Jeremiah may know what he is talking about as Lynn offered high praise for the Louisville quarterback at the podium.

"The couple games I saw, I think he's a nightmare for a defense," Lynn said.  "I think he's a good quarterback…. When you have a guy who can move around a little bit like Lamar, you make a defense play 11-on-11. And sometimes, they think that's not fair. But when the offense can go 11-on-11, that's a defensive coordinator's worst nightmare.
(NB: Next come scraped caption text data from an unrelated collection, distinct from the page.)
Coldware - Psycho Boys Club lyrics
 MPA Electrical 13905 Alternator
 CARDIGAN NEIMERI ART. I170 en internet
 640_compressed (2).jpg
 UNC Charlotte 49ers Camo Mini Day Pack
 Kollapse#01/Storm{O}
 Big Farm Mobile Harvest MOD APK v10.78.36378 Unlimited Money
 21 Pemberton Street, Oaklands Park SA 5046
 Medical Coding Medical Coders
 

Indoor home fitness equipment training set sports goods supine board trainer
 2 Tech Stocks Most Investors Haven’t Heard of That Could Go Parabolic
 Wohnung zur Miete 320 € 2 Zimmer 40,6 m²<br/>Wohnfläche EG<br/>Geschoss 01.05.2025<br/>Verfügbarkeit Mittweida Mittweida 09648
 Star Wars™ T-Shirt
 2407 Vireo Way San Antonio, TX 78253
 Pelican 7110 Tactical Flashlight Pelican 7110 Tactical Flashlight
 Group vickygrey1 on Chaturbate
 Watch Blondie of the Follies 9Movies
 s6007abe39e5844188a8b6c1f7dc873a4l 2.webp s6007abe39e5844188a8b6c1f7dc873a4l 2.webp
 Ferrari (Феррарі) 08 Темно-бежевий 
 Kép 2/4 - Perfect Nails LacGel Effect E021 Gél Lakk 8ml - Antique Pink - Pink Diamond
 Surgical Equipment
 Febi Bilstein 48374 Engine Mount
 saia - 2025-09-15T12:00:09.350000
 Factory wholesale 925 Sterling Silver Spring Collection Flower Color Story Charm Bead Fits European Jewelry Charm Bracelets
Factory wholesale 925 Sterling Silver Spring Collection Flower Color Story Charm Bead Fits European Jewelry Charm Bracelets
That's what he brings to the table."

If the Chargers opt not to take a QB in round one, who may be some intriguing options later in the draft that Jeremiah recommends? 

"If you think Philip's got another three or four more years left, and you want to just get one in the pipeline, which I think probably makes a little bit more sense for them, keep an eye on a guy like Luke Falk out of Washington State in the first our second round.  He'd be a good fit there.  Mason Rudolph is kind of in that same range out of Oklahoma State.  You've got (Kyle) Lauletta who is a quarterback from Richmond, and you've got Mike White as another quarterback.  So you've got some options if you want to try to find one in that second or third round.  You're still committing to Philip, but you're getting another guy in the pipeline."

ESPN's Matt Bowen agreed with Jeremiah that getting a mid-round QB might be more prudent while also endorsing Rudolph.

"That's what people want to do," he said.  "They want to get a day two quarterback.  Day three you are getting a more developmental player.  Everyone understands that.  But day two in that second and third round wheelhouse, know you're talking Mason Rudolph from Oklahoma State.  A tremendous amount of experience who played a lot of football games in a high-powered offense.  A lot of play action.  A lot of RPOs (run-pass options).  That is where the game is going.  He throws one of the best deep balls in this draft.  Has great touch on the ball (but) doesn't have a massive arm."

One factor flying under the radar is that the Bolts may already have their quarterback of the future in the fold in Cardale Jones.  Lynn and Telesco have each offered strong praise of the former Ohio State star, who was acquired just before the start of last year's training camp for a 2018 seventh round pick.  Jones has the tools to succeed in the NFL, and the Chargers believe his progress this year may be telling to whether he may emerge as Rivers' eventual successor.

"He's a very young player," Lynn said. "People forget this guy never lost a college football game. He's 6-foot-5, 260, can move around pretty well and has a strong arm. Every day in practice he makes throws that make you shake your head. He's a highly intelligent young man. There's no reason why he couldn't be our future quarterback."